The Court of Appeal has dismissed a legal challenge that campaigners hoped would slash the cost of extending a lease. The landmark case, Adrian Howard Mundy v The Trustees of The Sloane Stanley Estate, involved a flat in Chelsea with 23 years left to run on the lease.

It centred on the choice of ‘relativity graph’ for calculating the premium on extending leases with less than 80 years left. London firm Bircham Dyson Bell represented a leaseholder challenging the widely used ‘Gerald Eve’ model created by surveyors more than 20 years ago. Instead, in 2016 the leaseholder proposed to the Upper Tribunal a new statistical model known as the Parthenia model, based on nearly 8,000 market transactions between 1987 and 1991.

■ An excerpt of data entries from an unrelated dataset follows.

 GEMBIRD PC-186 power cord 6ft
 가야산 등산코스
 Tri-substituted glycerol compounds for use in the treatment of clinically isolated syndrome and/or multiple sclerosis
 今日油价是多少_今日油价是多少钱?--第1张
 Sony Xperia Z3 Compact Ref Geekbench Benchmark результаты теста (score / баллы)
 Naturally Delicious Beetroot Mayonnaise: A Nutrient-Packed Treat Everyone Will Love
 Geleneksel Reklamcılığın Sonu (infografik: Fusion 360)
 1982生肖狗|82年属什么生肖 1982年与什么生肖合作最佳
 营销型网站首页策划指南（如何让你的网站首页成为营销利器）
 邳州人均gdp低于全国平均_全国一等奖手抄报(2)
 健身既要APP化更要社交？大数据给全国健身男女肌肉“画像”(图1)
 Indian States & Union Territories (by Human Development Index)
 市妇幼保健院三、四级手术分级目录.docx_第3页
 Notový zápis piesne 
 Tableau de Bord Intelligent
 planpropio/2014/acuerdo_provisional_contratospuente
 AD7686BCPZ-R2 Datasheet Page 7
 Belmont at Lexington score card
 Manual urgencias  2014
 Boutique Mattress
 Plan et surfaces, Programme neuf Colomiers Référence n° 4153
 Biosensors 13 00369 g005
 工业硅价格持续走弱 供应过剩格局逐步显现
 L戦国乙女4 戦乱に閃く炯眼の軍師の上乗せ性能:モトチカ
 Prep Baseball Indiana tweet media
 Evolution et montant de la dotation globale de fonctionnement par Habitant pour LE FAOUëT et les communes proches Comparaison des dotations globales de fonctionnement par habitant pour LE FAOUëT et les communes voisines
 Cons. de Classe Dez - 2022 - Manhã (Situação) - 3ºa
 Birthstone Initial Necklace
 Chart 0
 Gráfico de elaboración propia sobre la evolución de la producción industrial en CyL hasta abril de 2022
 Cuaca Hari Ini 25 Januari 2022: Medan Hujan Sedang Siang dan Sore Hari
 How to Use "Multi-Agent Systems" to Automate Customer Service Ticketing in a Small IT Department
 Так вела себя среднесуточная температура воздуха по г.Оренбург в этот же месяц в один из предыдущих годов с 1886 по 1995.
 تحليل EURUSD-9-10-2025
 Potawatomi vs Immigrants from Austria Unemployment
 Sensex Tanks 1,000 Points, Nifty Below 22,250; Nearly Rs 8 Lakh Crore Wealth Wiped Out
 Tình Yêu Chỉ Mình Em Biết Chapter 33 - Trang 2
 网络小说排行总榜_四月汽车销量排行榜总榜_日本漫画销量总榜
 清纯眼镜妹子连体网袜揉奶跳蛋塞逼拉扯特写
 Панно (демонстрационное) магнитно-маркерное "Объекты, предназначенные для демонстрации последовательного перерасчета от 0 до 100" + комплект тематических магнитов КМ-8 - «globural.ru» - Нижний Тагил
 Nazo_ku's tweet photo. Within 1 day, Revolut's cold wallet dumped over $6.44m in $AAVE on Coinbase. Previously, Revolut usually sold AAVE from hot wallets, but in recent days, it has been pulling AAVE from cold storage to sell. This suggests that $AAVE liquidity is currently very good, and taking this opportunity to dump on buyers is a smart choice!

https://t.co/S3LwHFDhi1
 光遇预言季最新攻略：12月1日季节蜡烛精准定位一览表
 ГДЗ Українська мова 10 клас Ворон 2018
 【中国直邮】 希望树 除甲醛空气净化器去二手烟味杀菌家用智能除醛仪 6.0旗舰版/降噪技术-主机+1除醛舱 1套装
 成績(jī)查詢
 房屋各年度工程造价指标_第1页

Rejecting the challenge, Lord Justice Lewison said the Upper Tribunal was ‘well within the scope of its functions’ to rule out future use of the Parthenia model. Lewison noted that the Law Commission is considering how valuations can be simplified under the Leasehold Reform, Housing and Urban Development Act 1993. ‘It may be, therefore, that the holy grail will one day be found,’ he said. Enfranchisement is one of the three priority areas that will kick off the commission’s two-and-a-half-year residential leasehold project.

London firm Pemberton Greenish, which represented The Sloane Stanley Estate, said the best way to determine relativity has been a ‘vexed question’. The firm added: ‘Although the Gerald Eve graph is not perfect, it has been accepted as the least-unreliable method, along with that promulgated by Savills which takes as its starting point the value indicated by a graph it has produced showing the relationship between a lease with the benefit of the right to extend relative to the value of the freehold interest (so called “real world relativity”), and then applying a deduction to reflect the assumed lack of any right to extend.’

John Stephenson, Bircham Dyson Bell’s head of leasehold enfranchisement, said the Gerald Eve graph will continue to be used ‘until a more accurate valuation method is tested in the tribunal or the government intercedes with an amendment to the legislation’.